Quand Sarkozy quadrille la Défense

Le président de la République a présenté le nouveau Livre blanc de la défense, le 17 juin.Un texte élaboré en commission par la seule volonté du chef de l’État au détriment d’une réflexion collective. Résultat : une copie opaque, où le ralliement à l’Otan a pris le pas sur l’élaboration d’une défense européenne.

« Le dernier Livre blanc sur la défense date de 1994. L’analyse du monde et de ses menaces était donc obsolète. Il était nécessaire de rouvrir une réflexion sur le sujet « , explique François Lamy, député socialiste, qui faisait partie de la commission sur la nouvelle mouture.

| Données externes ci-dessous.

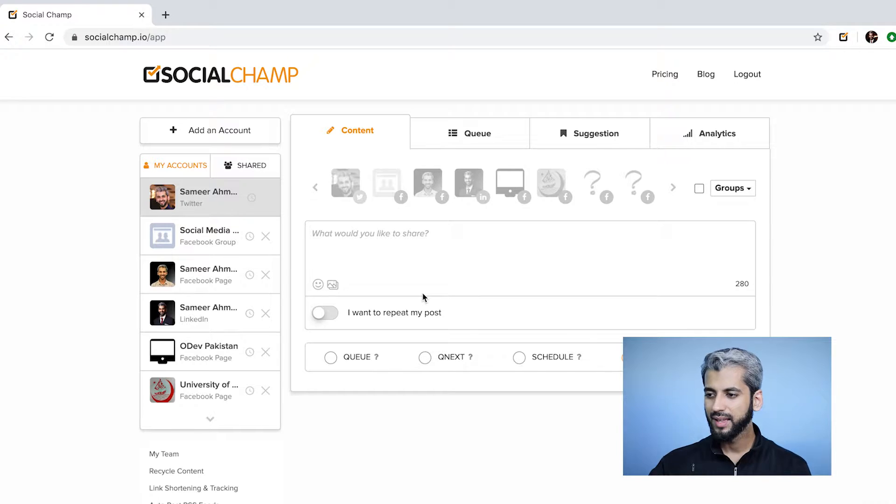Hi, I'm Samir from SocialChamp. Today you're going to learn how to optimize content for each social media platform using SocialChamp. The first thing you need to do is log into SocialChamp.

Car au départ, les socialistes étaient favorables à une évolution dans l’organisation de la défense française. Ils y voyaient l’opportunité de réfléchir à la constitution d’une véritable défense européenne. « Si on pense que la France peut réagir uniquement avec ses propres moyens, on se trompe, ajoute François Lamy. On sait très bien qu’il faut mutualiser un certain nombre de dépenses d’équipement au niveau européen. »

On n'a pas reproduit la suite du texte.